Dolores Hayden, B.A. Mount Holyoke College, M.Arch. Harvard University, faculty member at Yale since 1991, after teaching at MIT, Berkeley, and UCLA: One of the leading feminist scholars of your generation, you have explored “the power of place” in the homes and communities we build and inhabit. As an architectural critic and historian, you have told the history of our everyday cultural landscapes and the politics of their planning and design: our cities in the innovative synthesis of urban preservation, public history, and public art, The Power of Place: Urban Landscapes as Public History; our suburbs in Building Suburbia: Green Fields and Urban Growth, 1820–2000; and our sprawl in the visual lexicon of A Field Guide to Sprawl. But you have also recovered and reclaimed alternative visions of living: the communitarian experiments of your first book, Seven American Utopias: The Architecture of Communitarian Socialism, 1790–1975; and the feminist designs of The Grand Domestic Revolution: A History of Feminist Designs for American Homes, Neighborhoods, and Cities. And you have helped reshape public policy and architectural practice with your classic rethinking of the “architecture of gender” in our households and neighborhoods, Redesigning the American Dream: The Future of Housing, Work, and Family Life.

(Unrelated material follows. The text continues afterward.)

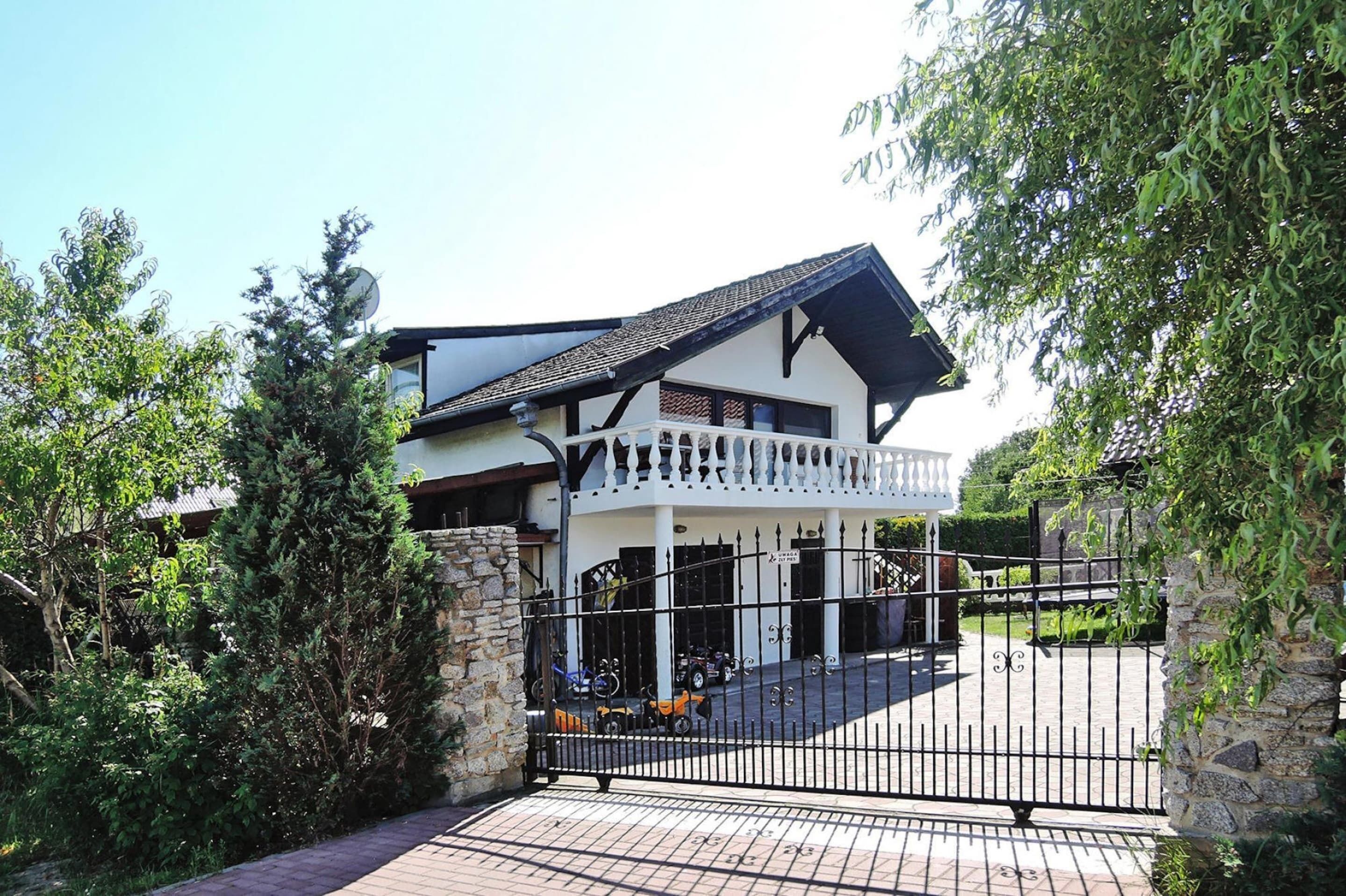 A two-story house with a balcony, a gated driveway, and a stone wall.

While in Los Angeles, in work that reflects your interest in the applied as well as the theoretical, you founded a nonprofit arts and humanities group called the Power of Place, galvanizing collaborative projects on such spaces as an African American midwife’s homestead, a Latina garment workers’ union headquarters, and Japanese American flower fields, and engaging citizens, historians, artists, and designers in examining and commemorating the working lives of ordinary citizens. The Power of Place—the project and the book—not only revealed the connection between people’s lives and urban landscapes but also suggested how communities and professionals can tap the power of historic urban landscapes to nurture public memory. The excellence of your work has brought you many honors, including an American Library Association Notable Book Award, two awards for Excellence in Design Research from the National Endowment for the Arts, the Donald Award for feminist scholarship, and the Paul Davidoff Award for an outstanding book in urban planning.

At Yale, you have been a wonderful teacher, opening the eyes of your students to the spaces and places around them, making them see afresh, and helping them think about the relationship of the built environment to the way people live their lives. But your story does not end there. Most people do not share the gift of architecture and poetry, but in this you are distinctive. Your beautifully written books are only a signal of your verbal acuity—for you are a fine poet. In recent years your poetry has appeared in two collections, American Yard and Nymph, Dun, and Spinner, as well as in leading journals such as Poetry, Raritan, Shenandoah, The Yale Review, Southwest Review, Slate, The Best American Poetry, and Verse Daily. As you retire, your faculty colleagues salute you for your special ability to open people’s eyes to the power of place in both poetry and prose.